Aunque no lo parezca, en este juego de intereses participan cuatro pilares que sostienen al Estado moderno y la civilidad humana en conjunto, fundamentos que permiten la supervivencia y la convivencia, cuatro columnas a las que alude el extinto politólogo italiano Norberto Bobbio en su obra el Futuro de la Democracia: Democracia, Derecho, Razón y Paz.
No nos resulta ajeno aquello de que antes de cualquier derecho está el derecho a tener derecho y para poderlo ejercer la humanidad ha luchado milenios hasta llegar a un punto de acuerdo, a un contrato social: el sistema que se acerca a garantizar este fundamento. el derecho a tener derecho, se denomina Democracia.
En una suerte de balanza alternante, la Democracia incluye y excluye: todos los ciudadanos somos tomados en cuenta, pero por encimas de cualquier propuesta, iniciativa o proyecto, se pondera aquello en lo que la mayoría ha quedado de acuerdo.
Someterse pues a la voluntad de la mayoría debiera ser, si no lo es, una regla de oro para las sociedades democráticas.
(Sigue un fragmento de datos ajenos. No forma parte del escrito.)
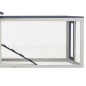 vidaXL Conejera madera maciza pino y abeto gris 310x70x87 cm vidaXL Conejera madera maciza pino y abeto gris 310x70x87 cm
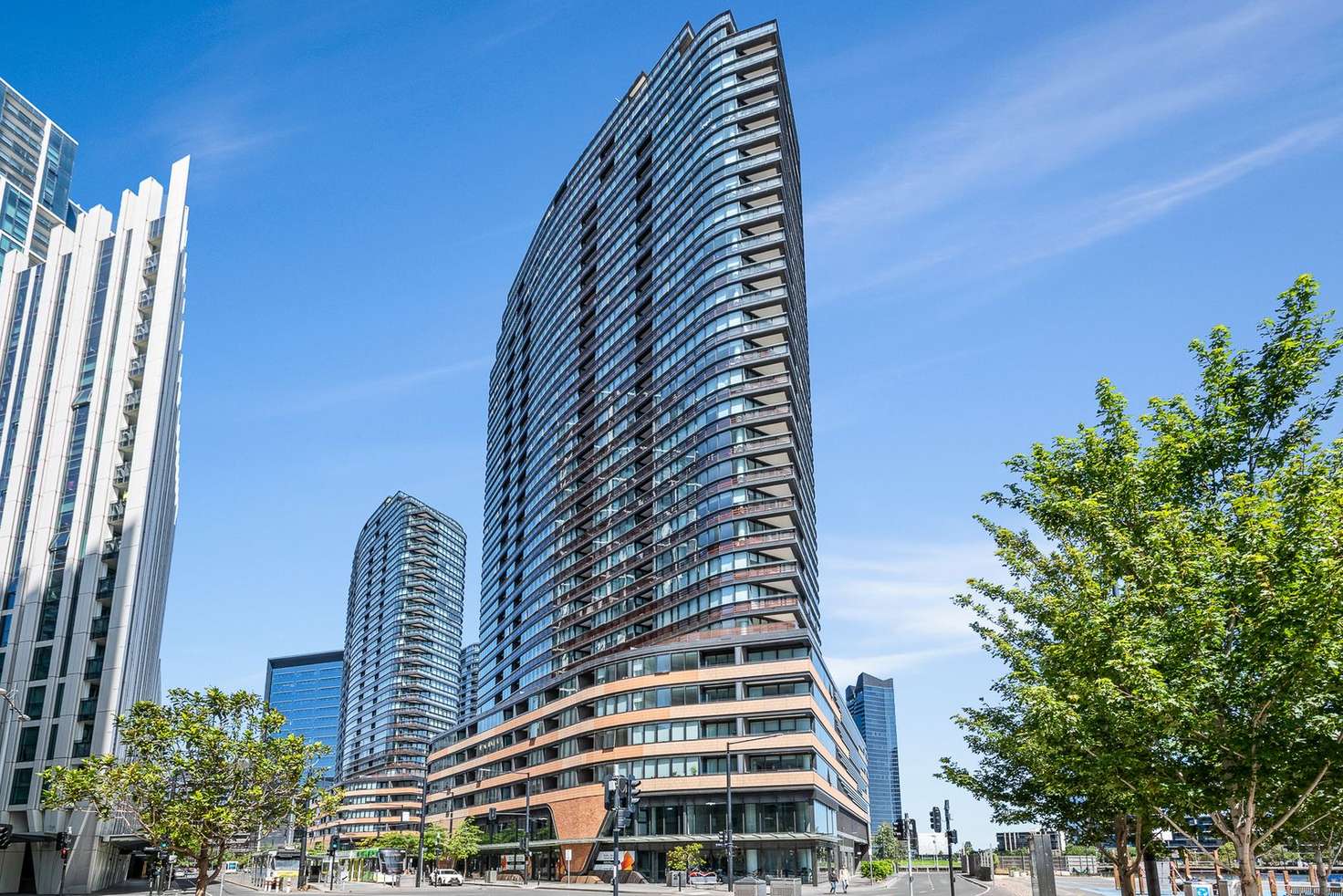 Main view of Homely apartment listing, 911N/889 Collins Street, Docklands VIC 3008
Esto desde luego excluye, no obstante las ideologías liberales, un buen número de propuestas, iniciativas y proyectos voluntad de las minorías.
Ejemplos sobran para ilustrar qué ocurre en países como Francia, Inglaterra, Holanda o Chile cuando se suscitan diferencias entre la voluntad de la mayoría y la de aquellos grupos que no queriéndose asumir como sometidos, pugnan por someter a la mayoría reclamando sus propios derechos.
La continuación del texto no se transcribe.